Volume 56 Number 59
                   Produced: Tue May 19  5:56:21 EDT 2009

Subjects Discussed In This Issue:

Advice for place to live in Berlin
        [Morissa Rubin]
bracha on Mail Jewish
        [Irwin Weiss]
Congregational Minhagim and behavior
        [Bernard Raab]
Grave stone question
        [David Ziants]
A plurality of customs
        [Martin Stern]
Schul Minhagim
        [Batya and Yisrael Medad]
Tircha D'tzibura
        [Martin Stern]


From: Morissa Rubin <morissa.rubin@...>
Date: Mon, May 18, 2009 at 2:07 AM
Subject: Advice for place to live in Berlin

Our college age modern orthodox daughter is planning on spending the
fall semester at Humboltd Unviersity in Berlin. We would appreciate any
suggestions regarding shuls, neighborhoods and places to live. She would
consider renting a room from a frum family, or renting with other
religious women.

Morissa Rubin


From: Irwin Weiss <irwin@...>
Date: Sun, 17 May 2009 20:34:02 -0400
Subject: bracha on Mail Jewish

my first reaction to seeing the return of Mail Jewish, was that the
appropriate Bracha was "Mechayei HaMeitim"
(sorry about the poor transliteration).
Welcome back, Avi.
Irwin Weiss
Baltimore, MD


From: Bernard Raab <beraab@...>
Date: Sun, May 17, 2009 at 2:35 PM
Subject: Congregational Minhagim and behavior

Congregational Minhagim and behavior

The situation described by Martin Stern is astonishing and deplorable.
The idea that a Rav can come to a congregation and do away with
long-established minhagim of the shul without claiming halachic
necessity is regretable.

I am not unfamiliar with similar actions taken by rabbis of
congregations that I have belonged to. I have asked such rabbis if they
did not think that shul minhagim of long-standing deserved some
respect. I almost never had a personal/historical stake in these issues
in the same sense as did Martin, since I have moved around in my life
and have belonged to various shuls with different minhagim, including a
"Yekishe" shul which I grew to respect enormously despite my distictly
eastern European "Galitzianer/chasidishe" background.

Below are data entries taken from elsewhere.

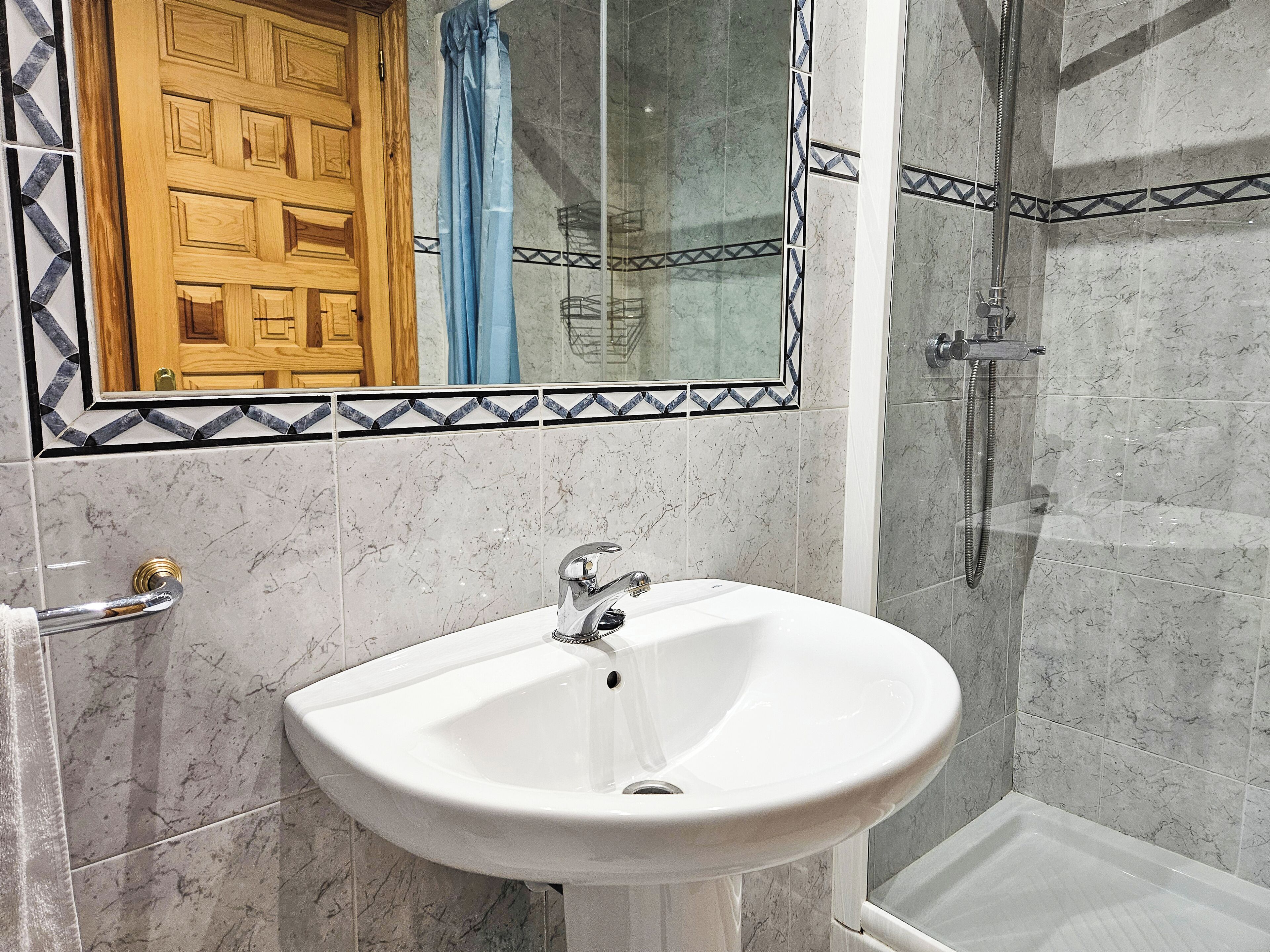 Une salle de bain avec un lavabo en marbre, une douche et une porte en bois.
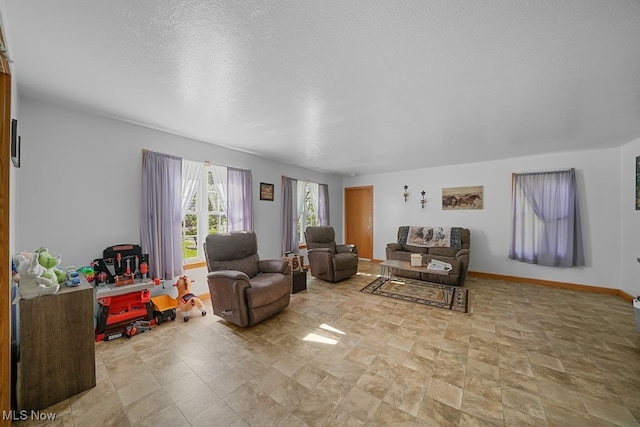 living room with a textured ceiling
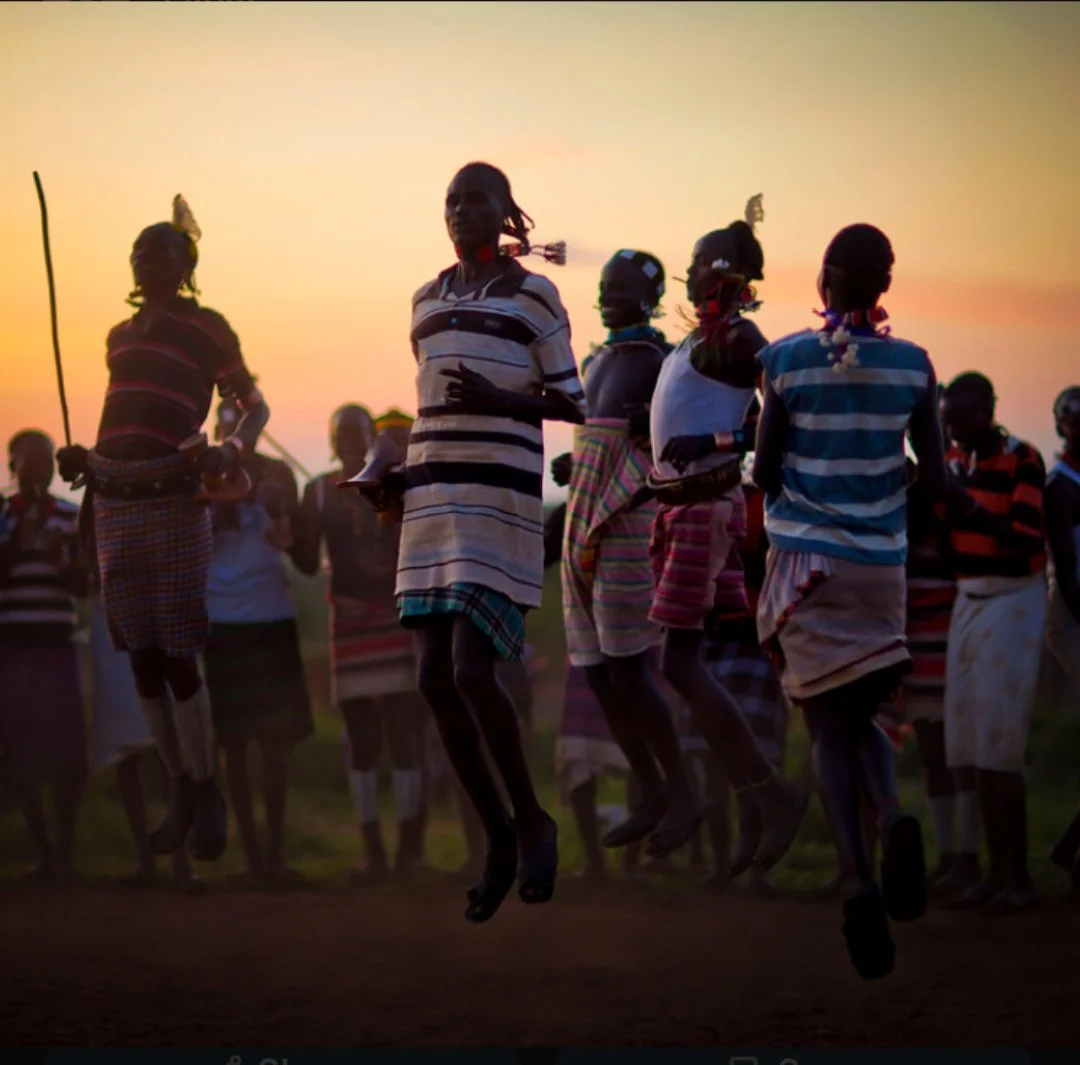 Group of Hamar people in colorful traditional clothing dancing Evan-Gadi in the air during sunset.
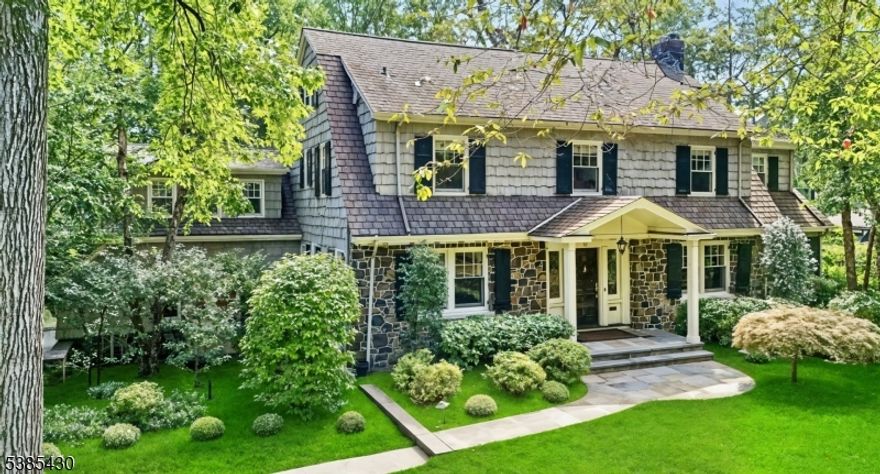 MAGNIFICENT CUSTOM-BUILT COLONIAL* PREEMINENT SHORT HILLS LOCATION * Nestled on over half an acre at the end of a tree-lined street, this home welcomes you with an impressive, open foyer w/ stunning staircase that streams sunlight frm multiple windows. Entertain in LR with a two-sided fireplace, host in the formal DR, work in the wood-paneled library w/ beautiful bookshelves or gather in the heart-of-the-home, the wonderful kitchen-family room. The state-of-the-art kitchen features custom cabinetry, SS applcs (SubZero/Viking/Miele), quartz island w/ bar seating & gracious breakfast room that opens to the fireside family room with coffered ceiling. A tricked-out mudroom, PR & 2-car garage complete this level. Upstairs, 6 BRs & 4FBs span the 2nd/3rd flrs, providing restful retreats for everyone.The luxurious primary suite includes a stunning bath with glass shower, clawfoot soaking tub & 2 generous walk-in closets. LL: laundry rm, gym space, rec room & possible wine cellar. Outdoors, find 2 patios, firepit, fully fenced property w/ open lawns & specimen plantings -- a serene retreat with room for play & entertaining (room for a pool!).. MORE: Sonos-ready speakers, security system, Ring doorbell, built-in generator, Pella windows & sprinkler system. Peaceful & private, yet minutes to top-rated Millburn schools (Deerfield Element), niche boutiques & trains to NYC. The perfect harmony of refined luxury & everyday comfort. YOUR DREAM HOME in an unbelievable Short Hills location!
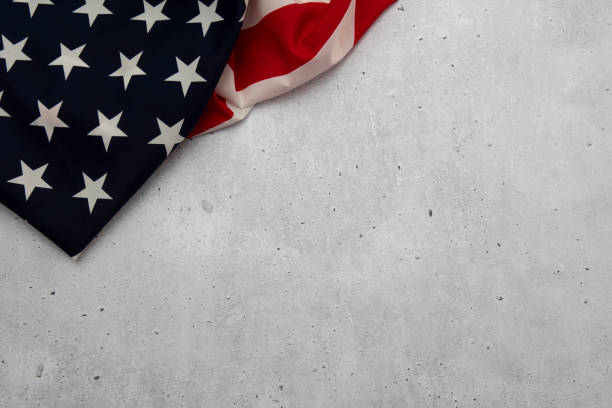istock united states flag in upper left corner on concrete background 1443233580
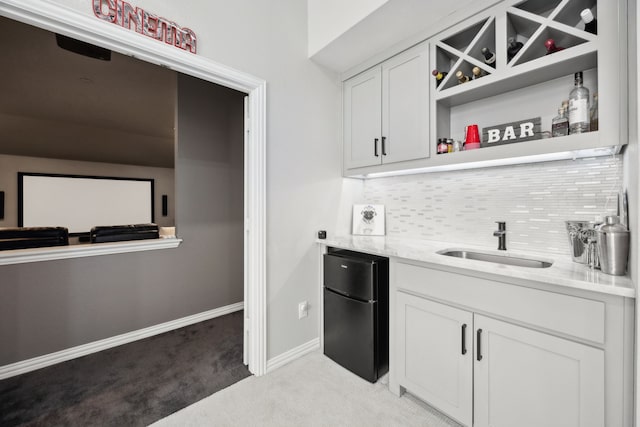 1500 Shropshire St, Keller, TX 76248 - indoor wet bar with freestanding refrigerator, light colored carpet, backsplash, and baseboards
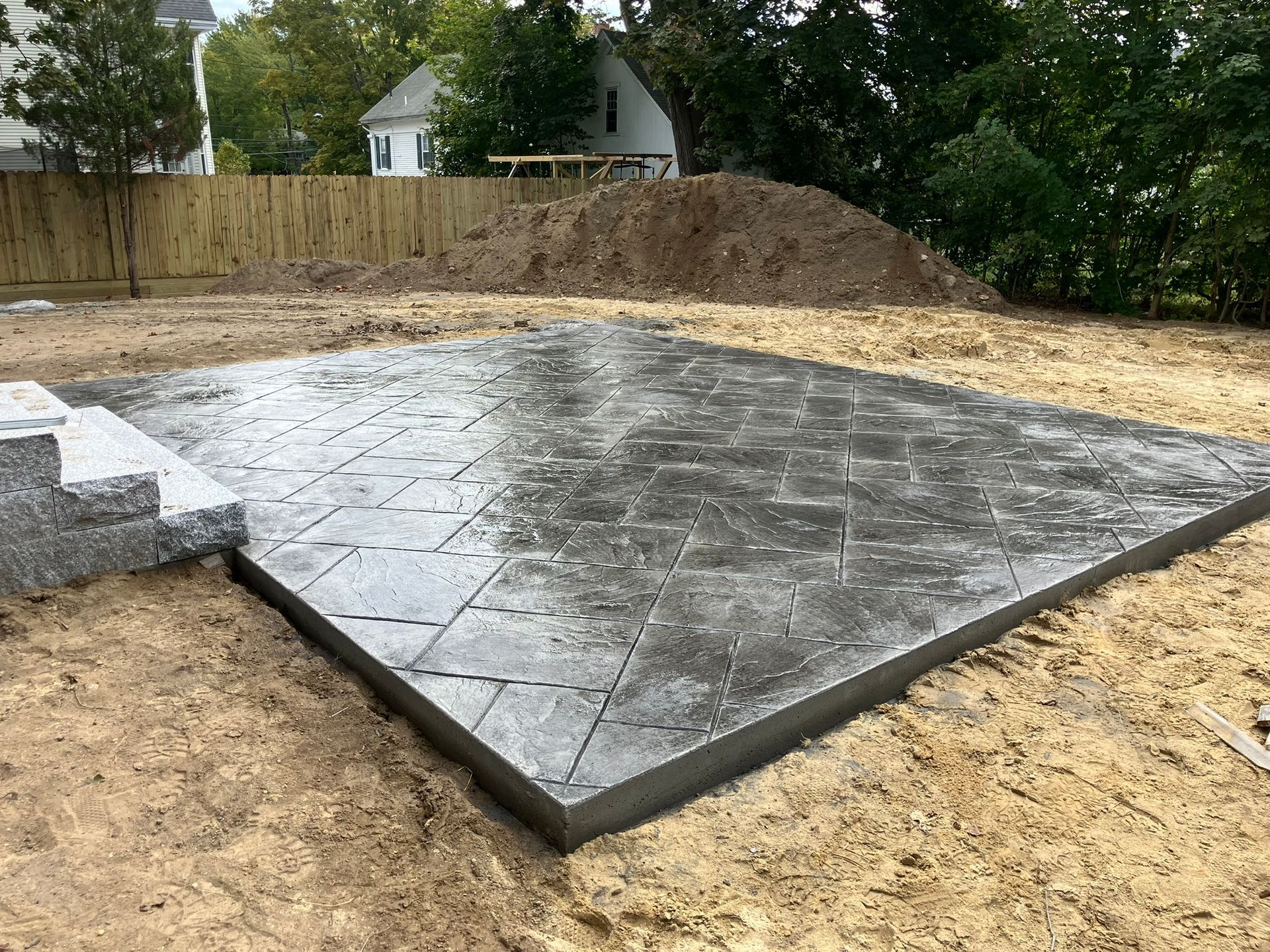 Concrete patio with a patterned surface, surrounded by dirt and a small retaining wall.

This argument almost never prevailed with these rabbis. But these were
not changes designed to change the very nature of the shul. They were
typically singular changes desiged to satisfy the rabbi's unique
perspective on some issue. They seemed not to be troubled by the fact
that the next rabbi could make his own changes in accord with his unique
perspective, and the members are regarded as just a flock of sheep. The
ritual committee might have grumbled a bit, along with some members, but
did not want to defy the rabbi on such a single issue.

Of course we have only heard from one side of the Manchester
controversy.  Nevertheless, the idea that the Rav rejected the authority
of the Bet Din out of hand, and the executive ignored its
decision, signifies that perhaps they do not have a viable defense.

Of course, the "Stern gang-of-eight" could go to civil court with their
complaints, but it is not clear what their cause of action would be, or
that they would prevail. Although, physically barring a member in good
standing from attending services because of a philosophical dispute (if
that is all that it is) is an issue that the court could certainly
address. But somehow I don't think that a reversal of this action alone
would much satisfy Martin and his cohorts.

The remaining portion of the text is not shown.